Tout ceci explique que fatalement de nombreux médecins se retrouvent plus ou moins rapidement en situation de burn-out, d’autant plus que l’arrêt de travail est très compliqué pour un médecin, du fait de l’énorme délai de carence de 90 jours avant de toucher des Indemnités journalières de plus notoirement insuffisantes, ne serait-ce que pour faire face aux charges fixes d’un cabinet médical. Même pour bénéficier de leur indemnisation normale de congé maternité, les médecins éprouvent aussi les pires difficultés !

La tentation du salariat est donc grande : on voit périodiquement des annonces pour des postes « 35 heures, 8000 € ». La réalité est malheureusement parfois décevante, les 35 heures ne sont qu’indicatives, les 8000 € sont bruts, les congés payés se prennent par roulements, les employeurs essaient d’ajouter des contraintes de rendement … les Centres de Santé n’arrivent donc pas à recruter non plus et voient leur finances plonger dans le rouge malgré les subventions municipales, comme récemment celui de L’Huisserie, au sud de Laval (Mayenne), déficitaire de 100000 €, la commune ayant prévu une équipe de 5 médecins à au moins 25 actes par jour, alors qu’ils ne sont finalement que … deux !
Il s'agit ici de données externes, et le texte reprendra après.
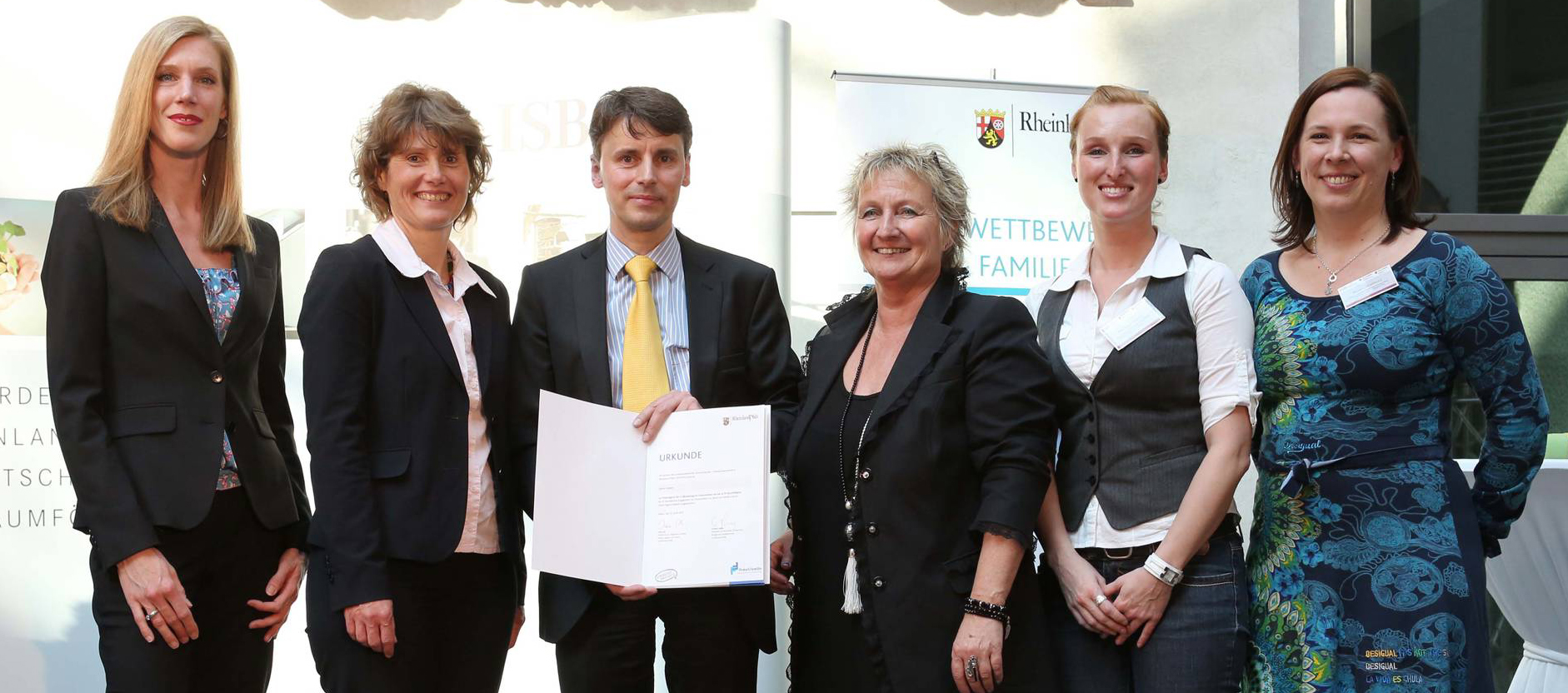 entra-Team mit Wirtschaftsministerin Eveline Lemke und Familienministerin Irene Alt entra-Team mit Wirtschaftsministerin Eveline Lemke und Familienministerin Irene Alt
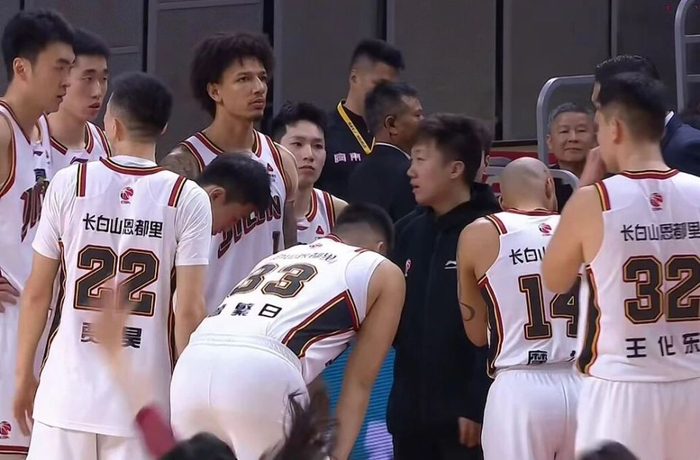 辽宁42分大胜四川终结对手35连败 上海16连胜浙江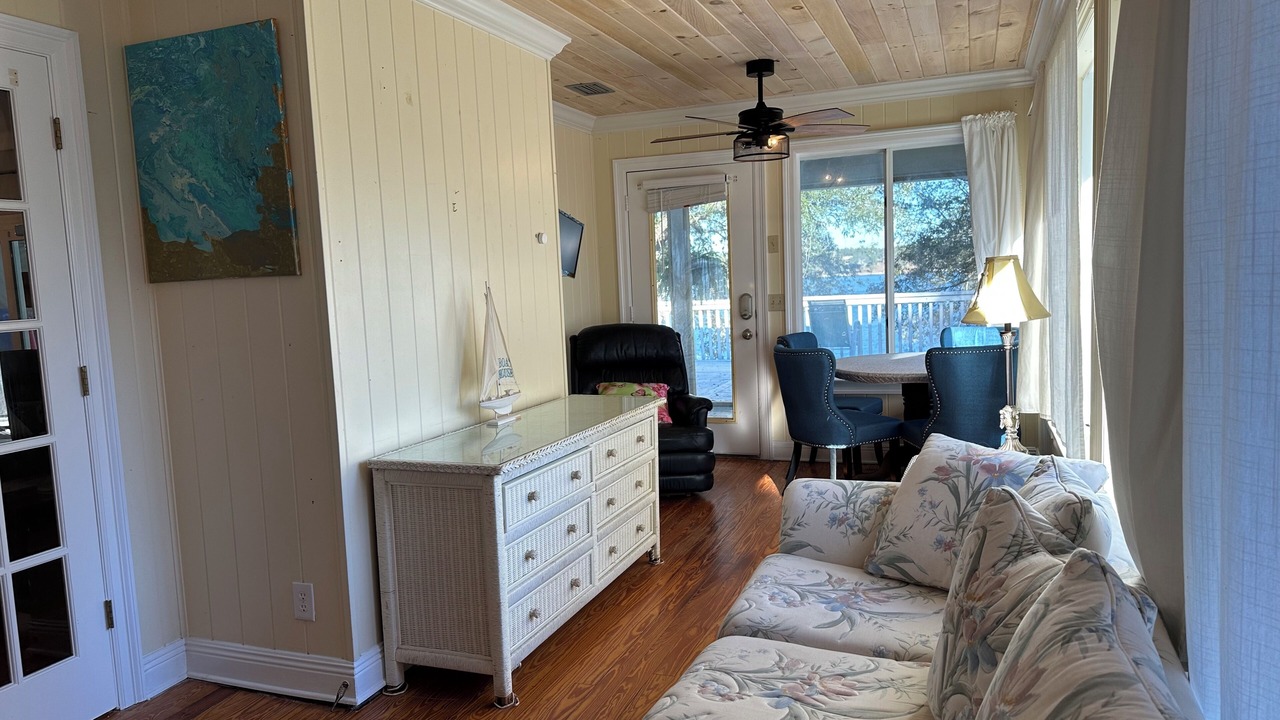 Photo of Livingroom in Thomas Drive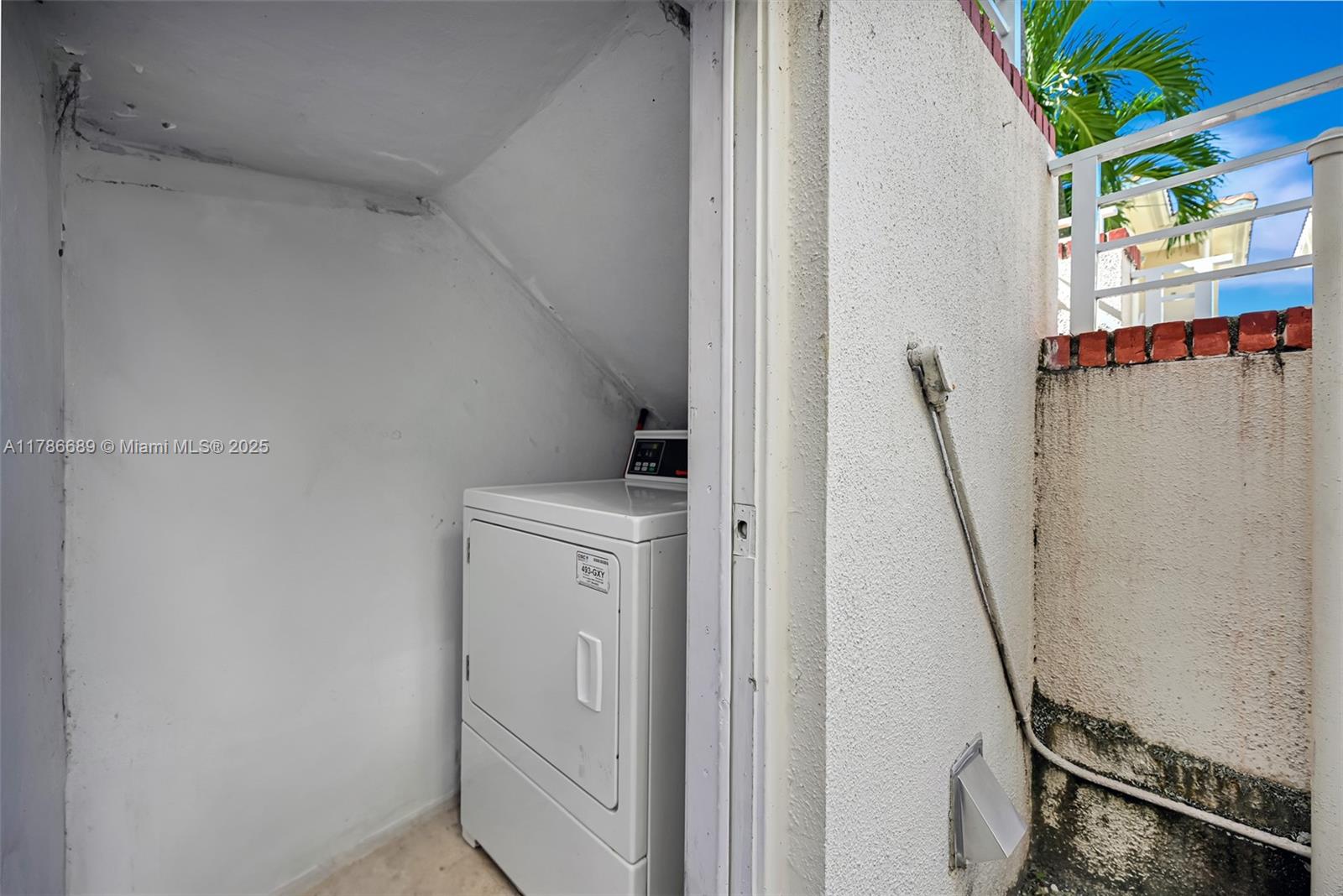MARSEILLES CONDO - Residential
Les autres possibilités sont :

  • soit de rester ad libitum remplaçant, ce qui supprime les charges liées au cabinet, permet de se ménager relativement facilement des périodes de repos, et simplifie la comptabilité … mais prive le médecin de la relation privilégiée qu’il peut nouer avec sa patentèle au fil du suivi, souvent sur plusieurs générations ;
  • ou soit de s’installer comme collaborateur libéral : les charges sont alors proportionnelles au chiffre d’affaire puis les reversions de collaboration sont le plus souvent calculées comme un pourcentage fixe du CA. Mais ce statut est très défavorable au médecin qui prend un collaborateur, puisque ces reversions de collaboration sont comptées pour sa part comme des gains divers. Ce serait pourtant un bon moyen d’augmenter facilement l’activité d’un cabinet !

Pourtant l’augmentation pure et simple des médecins n’est pas forcément inflationniste. Le Québec, face à une situation démographique catastrophique, l’a tentée, et a vu ses médecins réduire leur temps de travail, réduisant ainsi d’autant l’addition finale pour les Québécois.

Il est peut-être temps pour arrêter l’hémorragie et la désertification d’explorer des voies simples, et d’oublier la coercition qui ne peut qu’aboutir au résultat inverse de celui escompté.

Des médecins tout simplement mieux payés, sans recours à des solutions alambiquées, chronophages et incompréhensibles, c’est : 

  • la possibilité de récupérer les 25% de diplômés qui s’évanouissent dans la nature et n’exerceront jamais la médecine ;
  • la possibilité pour les médecins de travailler moins, mais mieux, en passant plus de temps auprès de chaque patient pour de la médecine plus « sur mesure », plus de prévention et d’éducation, moins de prescriptions, et donc au final pas plus de dépenses ;
  • des médecins moins fatigués, donc plus efficients, et à nouveau heureux dans leur travail ;
  • des relations enfin apaisées avec les caisses. 

Alors qu’attendons-nous pour essayer cette voie, plutôt que de rester dans la spirale infernale du « toujours plus » … de travail, de stress, d’obligations, de fatigue, de suicides, mais sûrement pas de satisfaction ni d’épanouissement professionnel.